RECORDS PROVIDED:
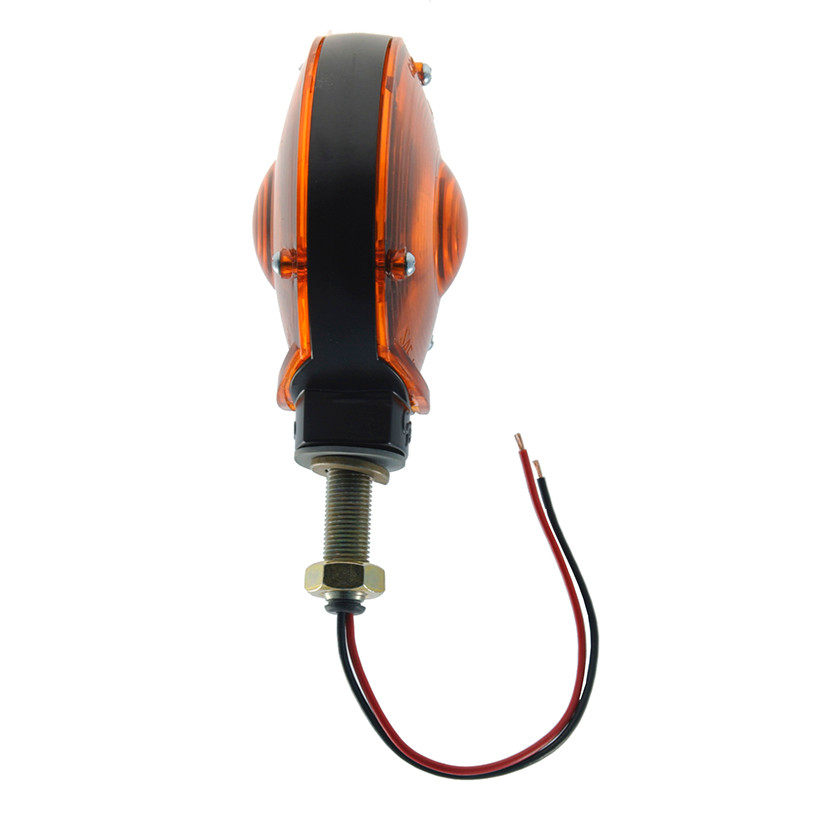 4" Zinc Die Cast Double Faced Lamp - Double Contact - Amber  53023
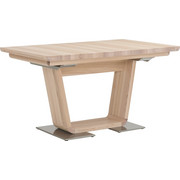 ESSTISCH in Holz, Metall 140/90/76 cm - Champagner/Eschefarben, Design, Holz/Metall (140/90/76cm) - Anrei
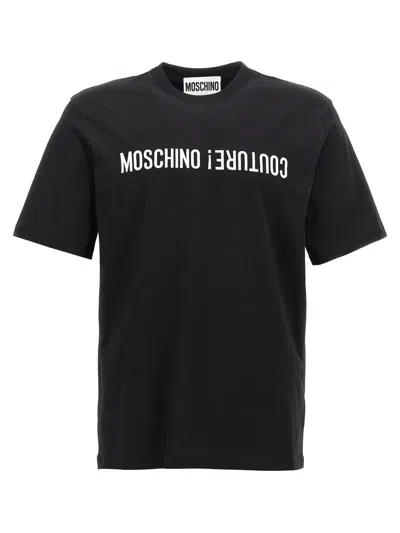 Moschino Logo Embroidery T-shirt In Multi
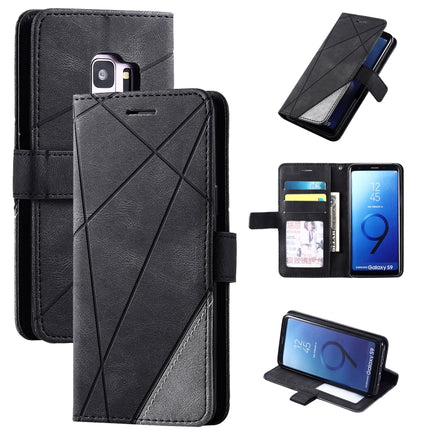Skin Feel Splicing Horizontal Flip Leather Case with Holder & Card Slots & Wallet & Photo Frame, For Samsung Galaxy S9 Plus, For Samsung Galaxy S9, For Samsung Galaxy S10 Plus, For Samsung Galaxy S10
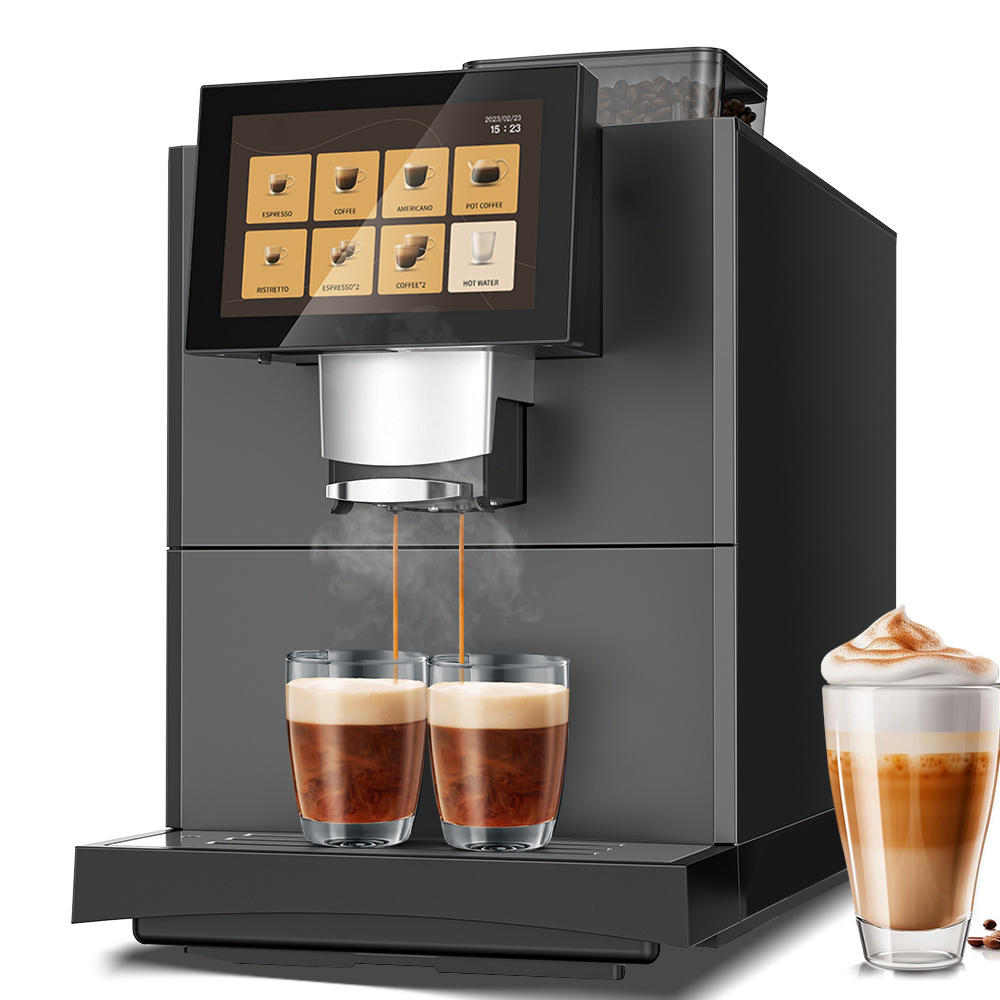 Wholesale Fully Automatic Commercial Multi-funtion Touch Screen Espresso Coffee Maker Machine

==

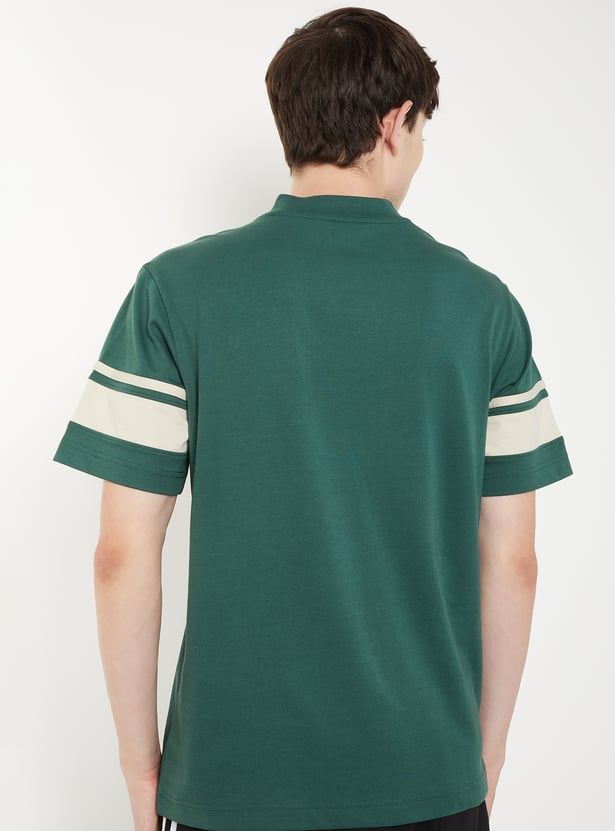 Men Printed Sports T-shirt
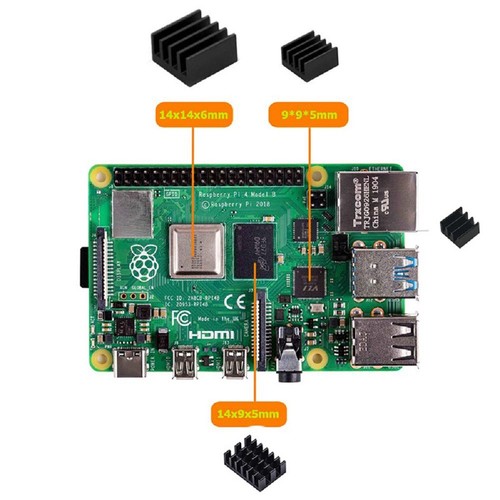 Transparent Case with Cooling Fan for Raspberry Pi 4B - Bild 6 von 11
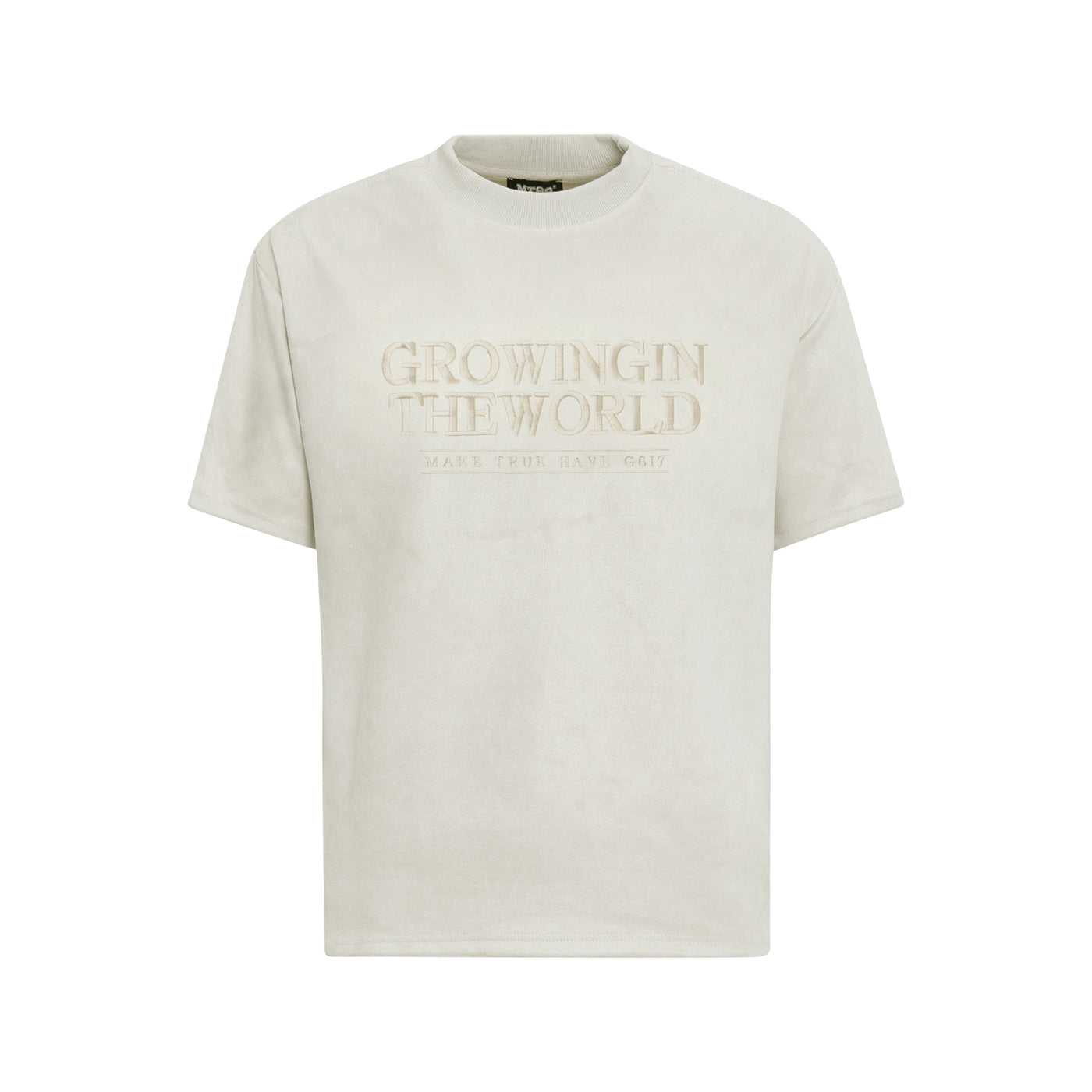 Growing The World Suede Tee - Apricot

---

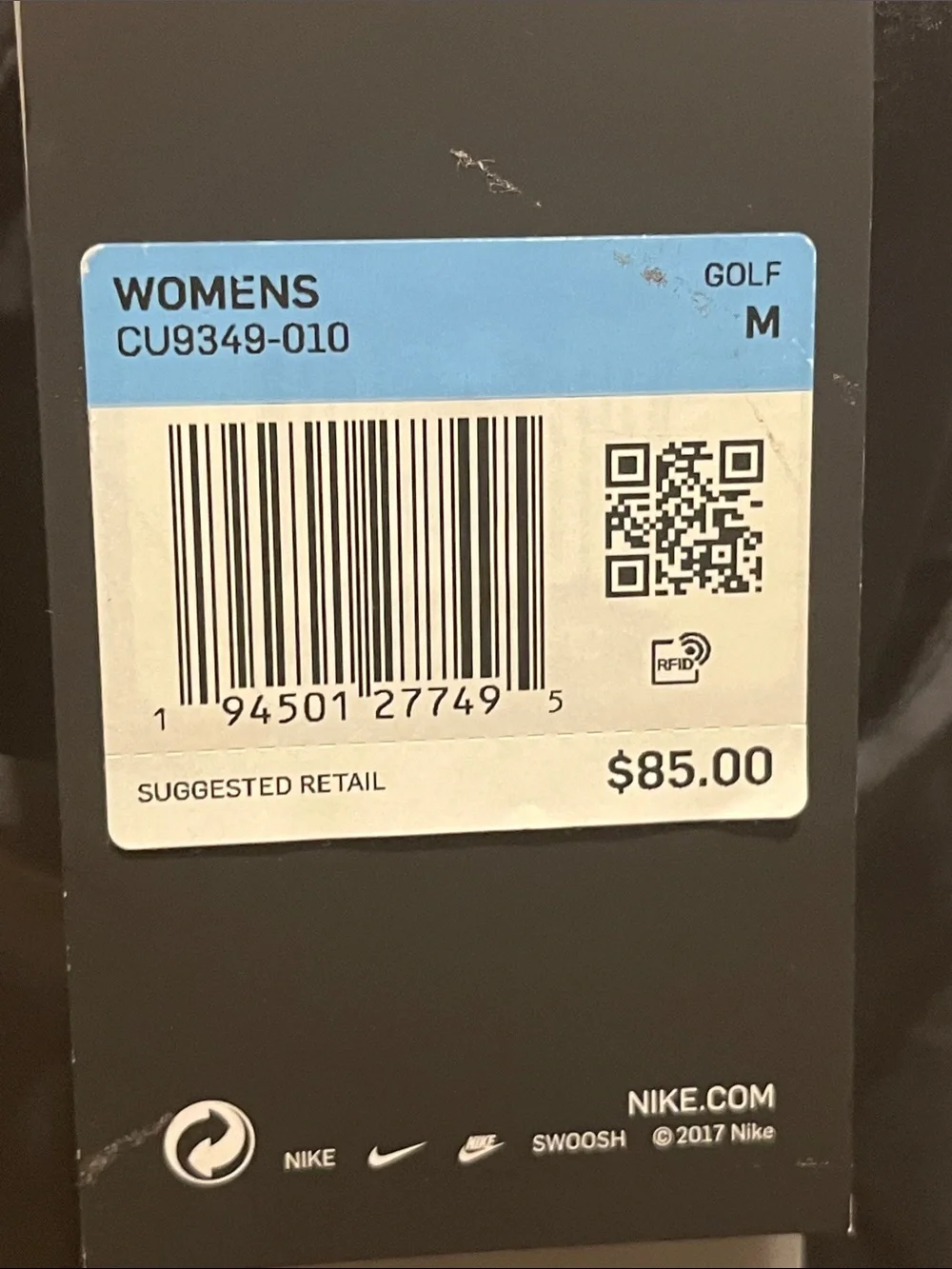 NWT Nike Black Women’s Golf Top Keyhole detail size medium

TASK INSTRUCTIONS:
Go down the entries above from the line containing "Men Printed Sports T-shirt" to the line containing "Growing The World Suede Tee - Apricot" and write out each line exactly, leaving pictures out.

TASK RESULT:
 Men Printed Sports T-shirt
 Transparent Case with Cooling Fan for Raspberry Pi 4B - Bild 6 von 11
 Growing The World Suede Tee - Apricot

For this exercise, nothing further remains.